Personal information
- Date of birth: 12 May 1978 (age 47)
- Place of birth: Bristol, England
- Height: 5 ft 10 in (1.78 m)
- Position: Midfielder

Team information
- Current team: Maldon Town

Youth career
- ????–1995: Bristol City

Senior career*
- Years: Team / Apps / (Gls)
- 1995–1998: Bristol City / 14 / (0)
- 1998–2000: Stevenage Borough
- 2000: Chesham United
- 2000–2002: Bristol Rovers / 35 / (1)
- 2003: Harlow Town / 1 / (0)
- 2003: Gravesend & Northfleet United / 1 / (0)
- 2003: Aylesbury United / 7 / (1)
- 2003: Bath City / 4 / (0)
- 2003–2004: Crawley Town / 3 / (0)
- 2004: Hendon / 18 / (5)
- 2004: Thurrock / 5 / (0)
- 2004–2005: Kingstonian / 1 / (0)
- 2005: Staines Town / 8 / (2)
- 2005–2006: AFC Wimbledon / 25 / (4)
- 2006–2007: Braintree Town / 13 / (0)
- 2007: Boreham Wood / ? / (0)
- 2007: East Thurrock United / 3 / (2)
- 2007–2008: Thurrock / 18 / (2)
- 2008: Carshalton Athletic / ? / (0)
- 2008–2009: Reno / ? / (4)
- 2009–2010: Arnett Gardens / ? / (2)
- 2010: Maldon Town / 11 / (3)

= Dwayne Plummer =

English footballer (born 1978)

Dwayne Plummer (born 12 May 1978) is an English former professional footballer who played as a striker. He has also represented the Cayman Islands in a 5–0 friendly defeat to American club side D.C. United, but he never played for them in a full international after FIFA ruled that he did not meet eligibility requirements.

==Playing career==
Plummer began his career as a trainee with Bristol City, turning professional in September 1995. He featured in a Paul Gascoigne skills video as a youngster.

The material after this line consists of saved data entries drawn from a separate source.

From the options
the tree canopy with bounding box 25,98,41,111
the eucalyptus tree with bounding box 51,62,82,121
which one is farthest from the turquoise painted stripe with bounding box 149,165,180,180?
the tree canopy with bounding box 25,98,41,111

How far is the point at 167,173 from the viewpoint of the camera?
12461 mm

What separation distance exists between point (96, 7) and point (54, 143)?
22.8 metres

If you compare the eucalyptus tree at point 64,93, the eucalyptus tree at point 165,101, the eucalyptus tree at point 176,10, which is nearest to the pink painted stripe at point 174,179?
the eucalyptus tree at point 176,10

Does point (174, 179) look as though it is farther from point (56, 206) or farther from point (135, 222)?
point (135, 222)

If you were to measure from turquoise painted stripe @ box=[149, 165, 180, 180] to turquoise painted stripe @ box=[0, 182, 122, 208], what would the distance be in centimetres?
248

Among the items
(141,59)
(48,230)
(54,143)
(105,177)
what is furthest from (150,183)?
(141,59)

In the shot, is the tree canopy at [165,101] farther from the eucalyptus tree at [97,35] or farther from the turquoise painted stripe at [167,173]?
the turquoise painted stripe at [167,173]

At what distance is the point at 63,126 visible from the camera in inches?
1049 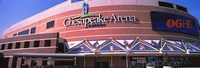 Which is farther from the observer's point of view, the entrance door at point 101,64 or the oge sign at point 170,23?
the oge sign at point 170,23

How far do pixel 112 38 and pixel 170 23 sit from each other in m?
12.3

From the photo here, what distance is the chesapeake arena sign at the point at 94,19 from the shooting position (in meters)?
40.9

He joined Stevenage Borough in November 1998 on a free transfer, after initially being on loan.

He then played for Chesham United before joining Bristol Rovers in September 2000. Later that month he scored the winning penalty as Rovers put Premiership Everton out of the League Cup. His time with Rovers was disrupted by injuries, and he left in September 2002 when his contract was terminated for 'gross misconduct' involving an 'incident at a gym'. He had a few months without a club before joining Harlow Town in January 2003. Later that month he joined Gravesend & Northfleet, but was released after just one substitute appearance, a 2–1 defeat at home to Margate.

He joined Aylesbury United, from where he joined Bath City in September 2003, having been with the club since pre-season. He played six times, all as a substitute, before leaving following a disagreement with the Bath fans during the defeat away to Thame United in the FA Cup. Plummer joined Crawley Town in November 2003, but left the following January. He joined Hendon, making his debut against Crawley on 17 January, before joining Thurrock in June 2004.

He joined Kingstonian in December 2004, before joining Staines Town in the 2005 close-season. He was a regular in the Staines side, but left to join AFC Wimbledon in October 2005, having broken his nose in his final game for Staines. He joined Braintree Town in June 2006, but missed the first six games of the season having been sent off while at Wimbledon, a fact he failed to inform the Braintree manager George Borg until the last minute.

Plummer joined Boreham Wood in February 2007, and joined Carshalton Athletic in February 2008.

His younger brother Tristan played for Bristol City.